__EXCERPTED RECORDS__
* * *

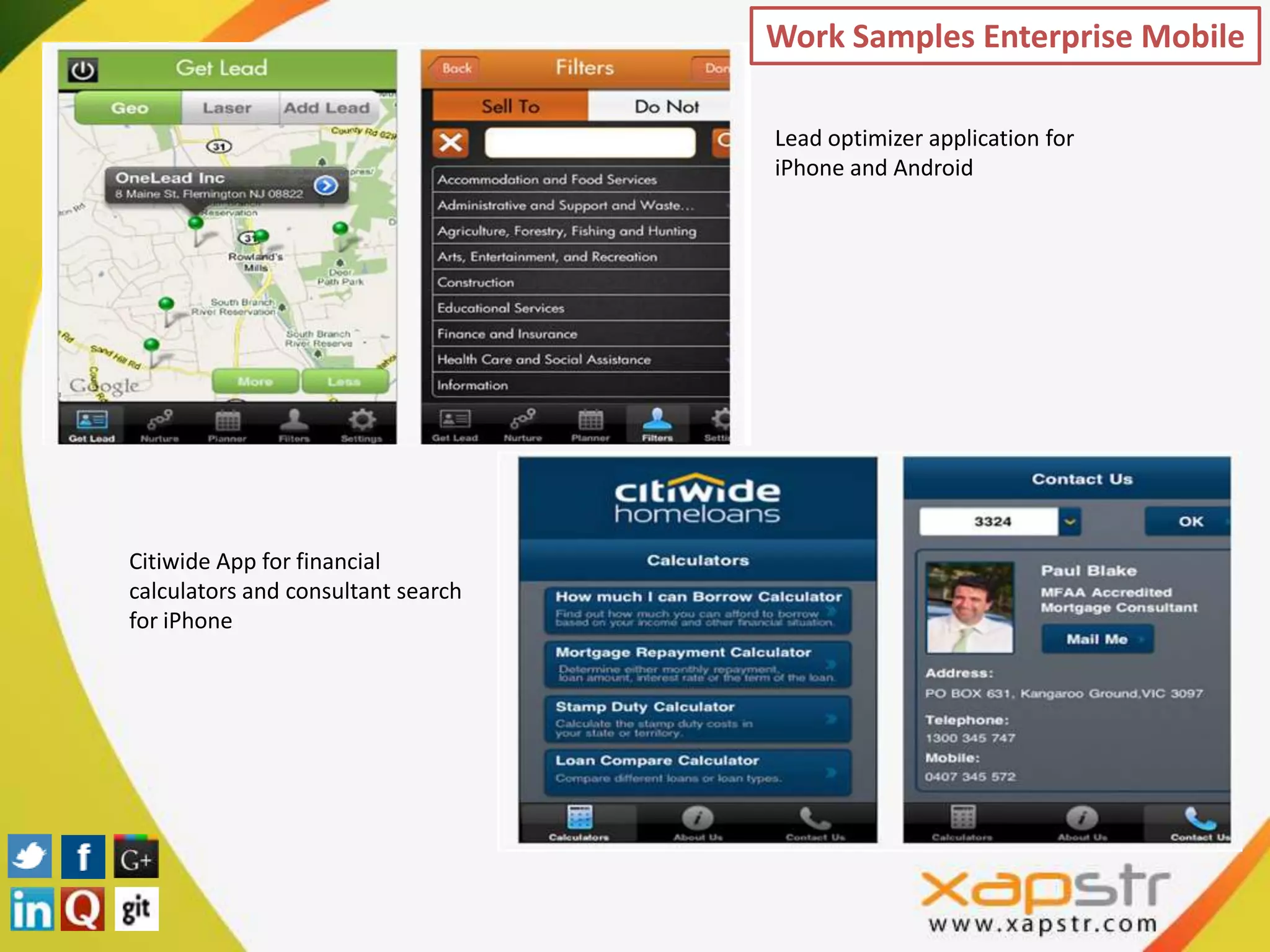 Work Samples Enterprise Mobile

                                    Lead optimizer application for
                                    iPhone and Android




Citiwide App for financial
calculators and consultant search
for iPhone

* * *

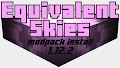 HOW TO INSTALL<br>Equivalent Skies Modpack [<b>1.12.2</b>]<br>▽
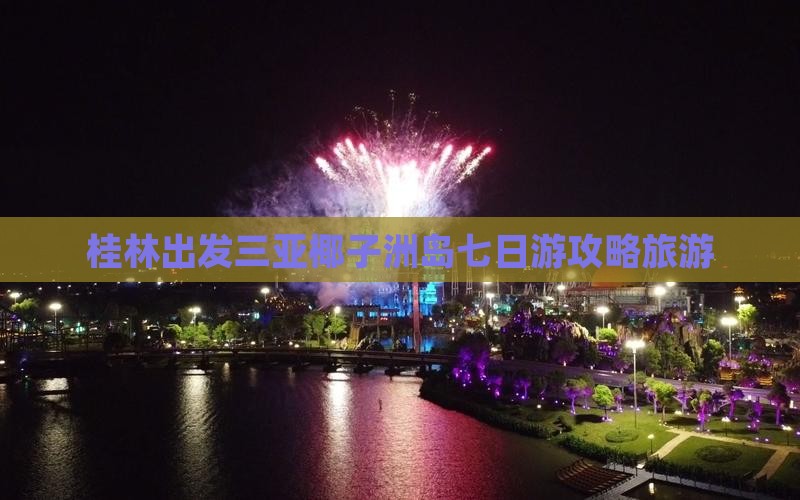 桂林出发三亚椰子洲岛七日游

* * *

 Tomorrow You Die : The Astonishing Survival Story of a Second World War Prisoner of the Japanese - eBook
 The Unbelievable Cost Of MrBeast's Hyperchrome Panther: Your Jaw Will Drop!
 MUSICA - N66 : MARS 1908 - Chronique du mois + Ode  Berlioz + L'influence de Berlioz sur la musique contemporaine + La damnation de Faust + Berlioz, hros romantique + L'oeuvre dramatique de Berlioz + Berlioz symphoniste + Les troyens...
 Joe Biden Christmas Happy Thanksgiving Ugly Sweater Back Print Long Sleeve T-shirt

* * *

__WHAT TO DO__
Would you please copy exactly the part of the entries above that begins at the line containing "The Unbelievable Cost" and ends at the line containing "Joe Biden Christmas", both lines included?

__RESPONSE AREA__
 The Unbelievable Cost Of MrBeast's Hyperchrome Panther: Your Jaw Will Drop!
 MUSICA - N66 : MARS 1908 - Chronique du mois + Ode  Berlioz + L'influence de Berlioz sur la musique contemporaine + La damnation de Faust + Berlioz, hros romantique + L'oeuvre dramatique de Berlioz + Berlioz symphoniste + Les troyens...
 Joe Biden Christmas Happy Thanksgiving Ugly Sweater Back Print Long Sleeve T-shirt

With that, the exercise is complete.